Jugements de la Cour canadienne de l'impôt

Informations sur la décision

Contenu de la décision

Dossier : 2002-1525(IT)I

ENTRE :

VICTOR E. CORMIER,

appelant,

et

SA MAJESTÉ LA REINE,

intimée.

_______________________________________________________________

Appels entendus le 16 décembre 2002 à Bathurst (Nouveau-Brunswick)

Devant : L'honorable juge François Angers

Comparutions :

Pour l'appelant :

L'appelant lui-même

Avocate de l'intimée :

Me Stéphanie Côté

_______________________________________________________________

JUGEMENT

Les appels des cotisations établies en vertu de la Loi de l'impôt sur le revenu à l'égard des années d'imposition 1999 et 2000 sont rejetés, selon les motifs du jugement ci-joints.

Signé à Edmundston (Nouveau-Brunswick), ce 24e jour de février 2003.

« François Angers »

J.C.C.I.


Référence : 2003CCI61

Date : 20030224

Dossier : 2002-1525(IT)I

ENTRE :

VICTOR E. CORMIER,

appelant,

et

SA MAJESTÉ LA REINE,

intimée.

MOTIFS DU JUGEMENT

Le juge Angers, C.C.I.

[1]      L'appelant interjette appel à l'encontre des avis de cotisation pour les années d'imposition 1999 et 2000 par lesquels le ministre du Revenu national (le « ministre » ) a rejeté les déductions au montant de 3 160,43 $ pour l'année 1999 et de 1 797,17 $ pour l'année 2000 que l'appelant avait réclamées à titre de frais afférents à l'usage d'un véhicule tout-terrain, d'une motoneige et d'une roulotte dans l'exercice de ses fonctions pour son employeur.
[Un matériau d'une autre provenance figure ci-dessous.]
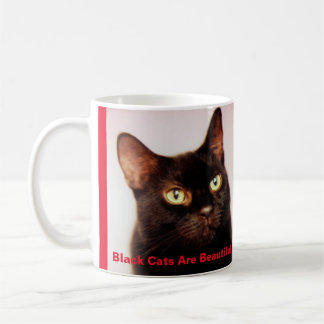 Os gatos pretos são caneca de café bonita (versão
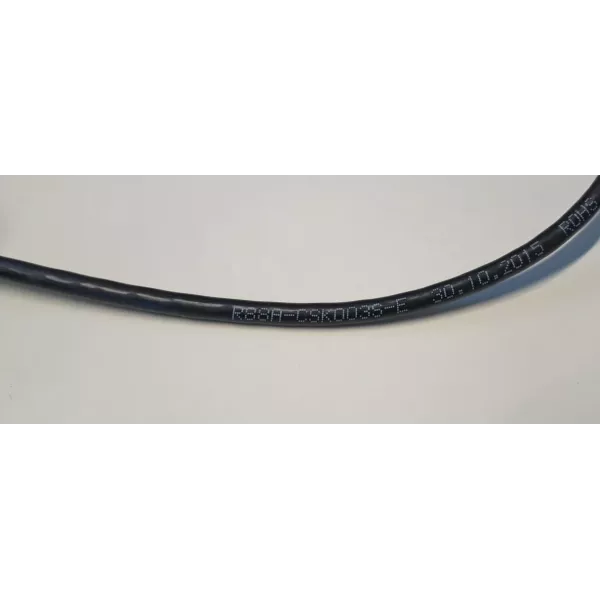OMRON  R88A-CSK003S-E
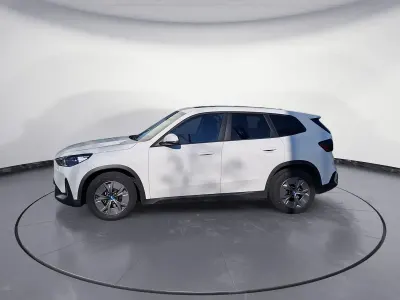 Gebraucht BMW iX1 Performance 150 kW (204 PS) 2024 Weiß SUV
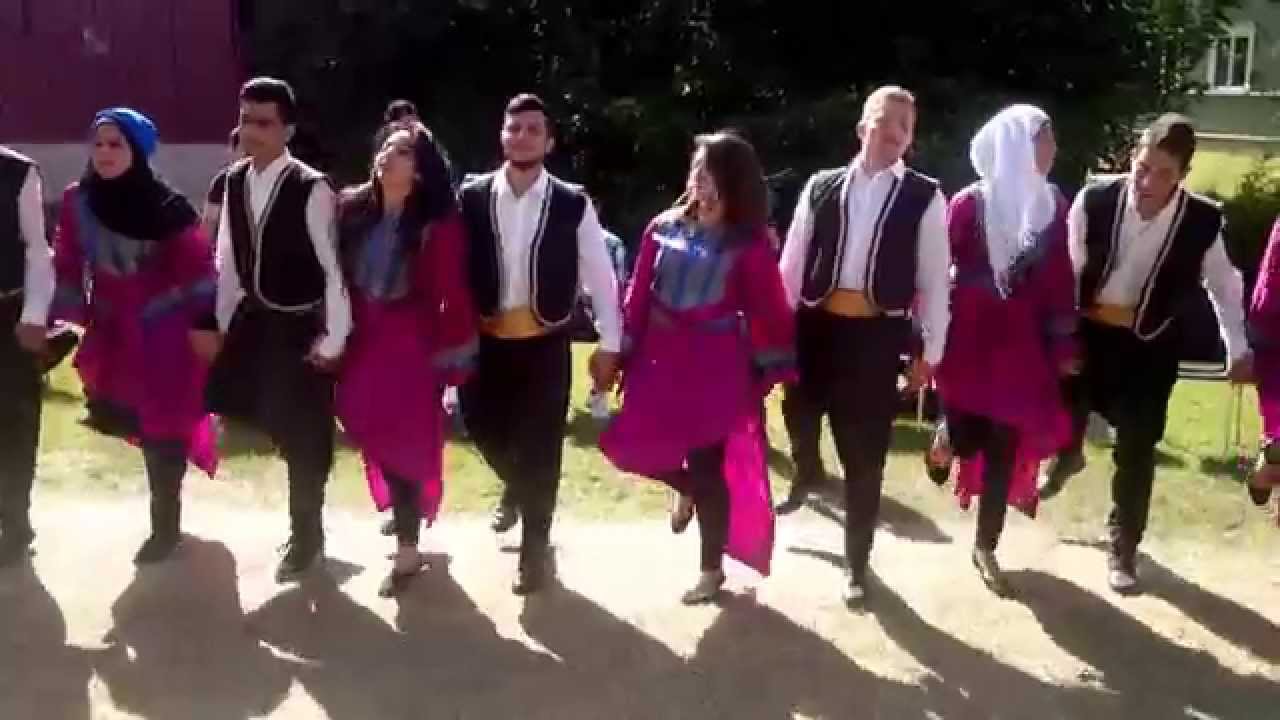 تعلى و تتعمر يا دار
[2]      Les hypothèses de faits sur lesquelles le ministre s'est fondé pour confirmer les nouvelles cotisations pour les années d'imposition en litige ont été admises ou niées par l'appelant tel qu'indiqué à la fin de chaque énoncé et sont :

a)     au cours des années d'imposition 1999 et 2000 (les « années en litige » ), l'appelant était un employé de CJB Forestry Plus Ltd. ( « CJB Forestry » ) en tant que technicien forestier; (admis)

b)    les tâches de l'appelant consistaient à faire la vérification en forêt des chantiers de reforestation et à les marquer pour les replanter ou les éclaircir; l'appelant enregistrait sur ordinateur les données sur l'état des plantations et des routes ainsi que leurs emplacements exact; (admis)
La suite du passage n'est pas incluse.